COURTESY PHOTO: SCAPPOOSE HIGH SCHOOL - After Scappoose High School jettisoned its Indian chief mascot years ago, the school switched to a stone-tipped spear adorned with a feather.A month ago, Scappoose High School students and local residents renewed the call to dump the high school's Indian mascot.

More than 2,180 people signed a petition calling on the Scappoose School Board to change the mascot.

Now, those in support of keeping the mascot have chimed in.

Scappoose resident Shelly Mahar created a different petition two weeks ago, asking the school board to retain the Indian mascot as "a symbol of strength, pride and respect for generations of proud Scappoose High School Alumni."

That petition had 1,065 signatures by the end of Tuesday, July 21.

"Now people want to cancel culture the history (of) our little town and remove our school mascot, one that has given generations of Scappoose High School graduates great pride, The Indians," Mahar wrote.

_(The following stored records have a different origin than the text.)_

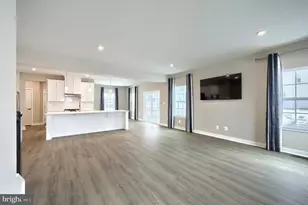 100 Trail Ct, York, PA 17406 - Photo 14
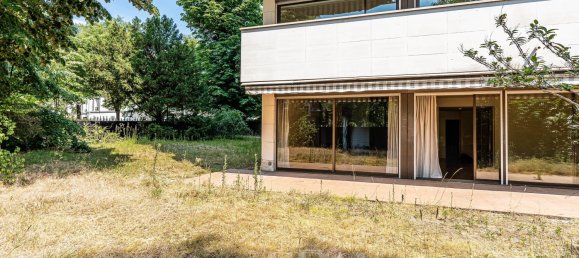 5 Schlafzimmer Doppelhaus in Neuilly-sur-Seine, France, Nr. 186007 5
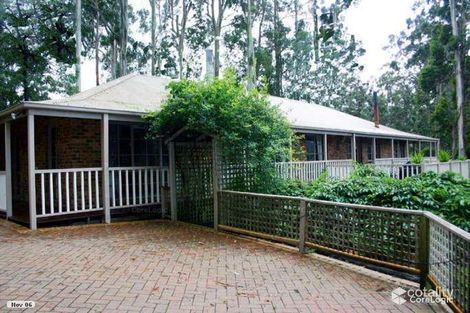 4 Mountain Ave, Emerald, VIC 3782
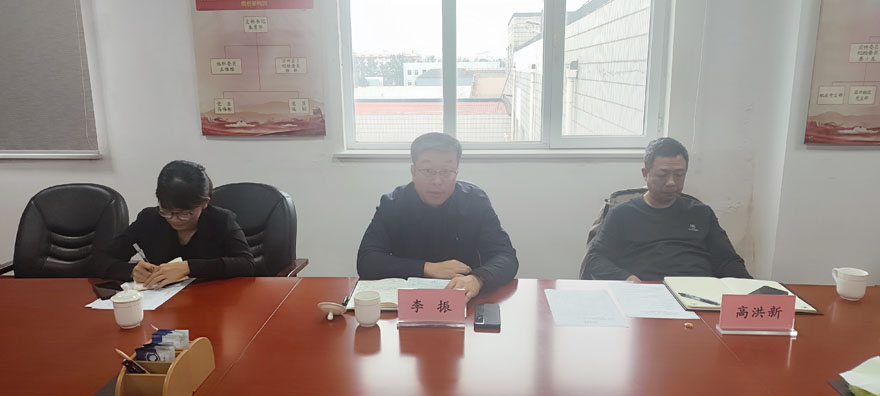 1761623979277183.jpg 2025102804.jpg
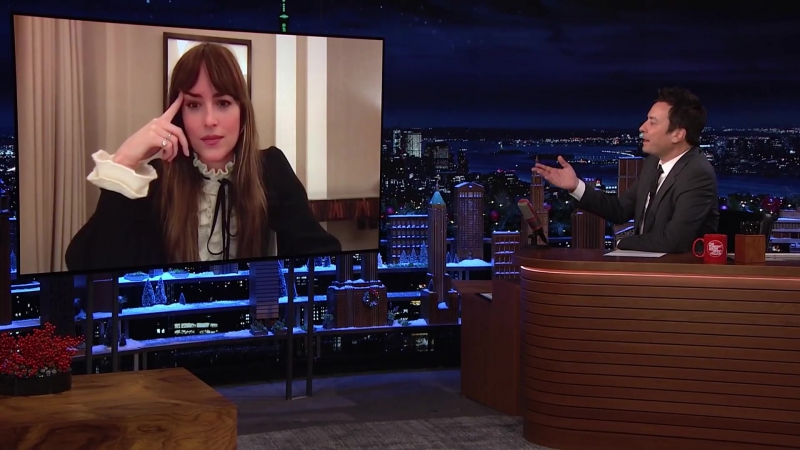 Dakota_Johnson_491.jpg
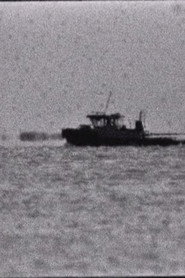 Sea Series #19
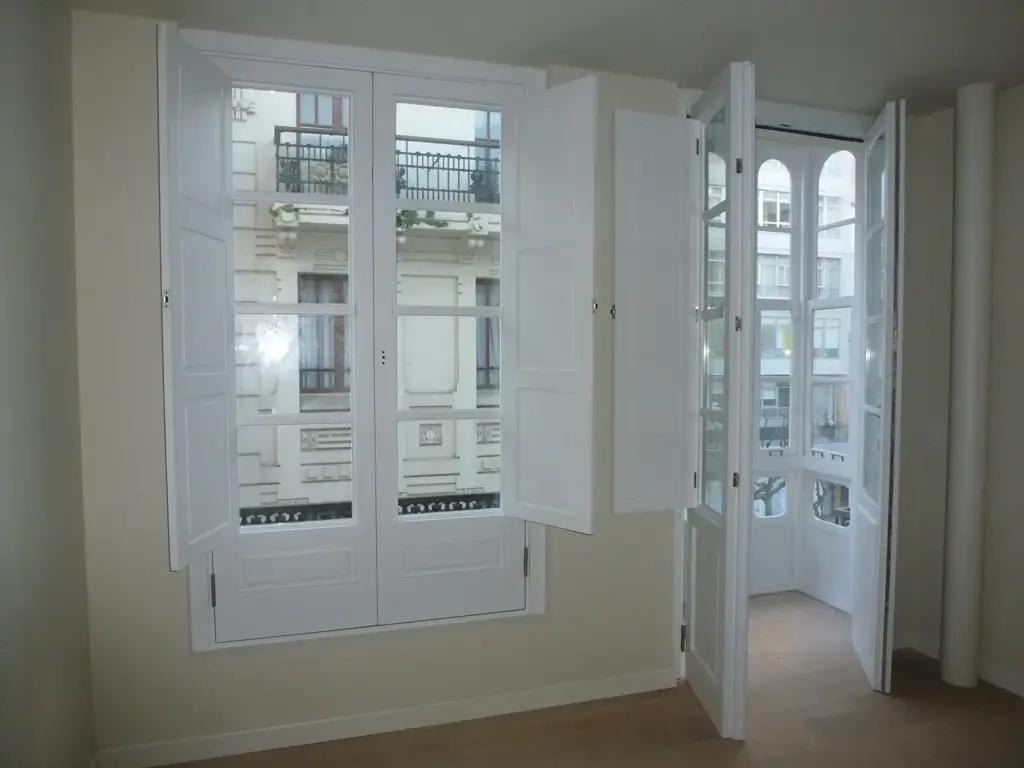 rehabilitacion edificio viviendas coruña6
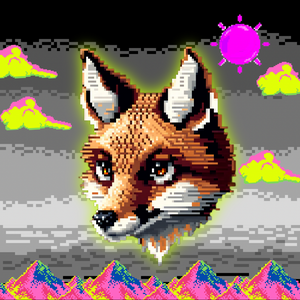 dfinity_fox: 74
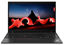 Изображение Lenovo L15 G4 i3-1315U 15.6"FHD 250nits 8GB DDR4 SSD256 Intel UHD Graphics LTE W11Pro 1Y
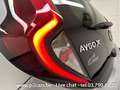 Toyota Aygo X X play + Automaat Argintiu - thumbnail 6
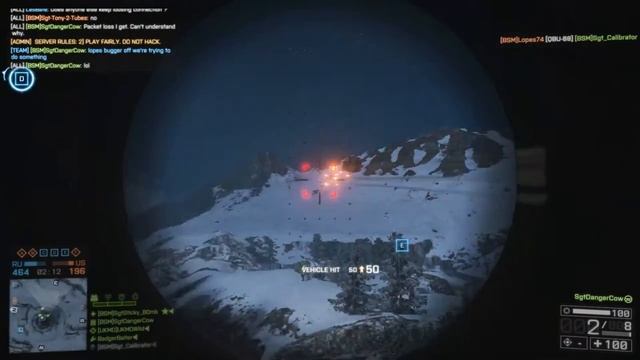 New BF4 sport invented! Clay Pigeon (pod) Shooting! смотреть онлайн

Alumni signed both petitions, some calling the mascot racist and embarrassing, others calling it a symbol of pride and strength.

"I always thought if a school chose a certain symbol as their mascot it meant they thought it was a strong powerful symbol. A winner," wrote Lisa Wight, who signed the petition to keep the mascot.

Rebecca Bozart said no one advocating for the change had offered a plan for funding the switch and that changing the mascot would be a "frivolous expense that does not need to be undertaken at this financially critical time."

   "This continues to be debated every few years," Bozart wrote. "I believe if they change the mascot it will just be something else that will need to be changed… All of these changes cost time and money."

The school's mascot was widely debated in 2016, when the school district worked with the Confederated Tribes of the Grand Ronde to come to an agreement that would allow the district to keep the mascot.

In 2012, the Oregon Department of Education scheduled a ban of all Native American mascots or imagery, but in 2016 approved a resolution allowing districts to keep such mascots if they reached use agreements by 2017 with one of the Oregon tribes.

There are nine federally recognized tribes in Oregon; the district reached an agreement with the Confederated Tribes of Grand Ronde.

Maintaining the Indians mascot helps Native Americans retain their identity as a people, Jon George, tribal council secretary for the Confederated Tribes of Grand Ronde, said in 2016.

The mascot image had previously been an image of a man wearing a feathered warbonnet headdress, which were not worn by native peoples in the Scappoose area. The image changed to an arrowhead-tipped spear adorned with a feather.

The school district agreed to begin using a native history curriculum developed by the tribe by fall 2017. Mercedes Jones, curriculum specialist for the tribe, said the fourth-grade curriculum was available starting in 2014, the eighth-grade curriculum became available in 2016, and the second-, sixth- and 10th-grade curricula were made available last year.

But some teachers and students said they hadn't seen those curricula implemented in the district.

A spokesperson for the Grand Ronde tribes declined earlier this month to discuss the district's compliance.

The agreement also required the district to create a "native club" for students in grades six through 12 and "treat the club in the same manner as all school clubs and organizations."

However, a list of clubs at Scappoose High School in 2019-20 did not include a native club among more than 20 groups.

Scappoose School District Superintendent Tim Porter did not respond to questions concerning the district's compliance with the agreement, other than to say that he would not be able to answer questions by press time. The Spotlight sent questions to Porter two weeks prior and followed up multiple times.

None of the Scappoose school principals contacted by the Spotlight answered questions about the presence of native history curriculum in their schools.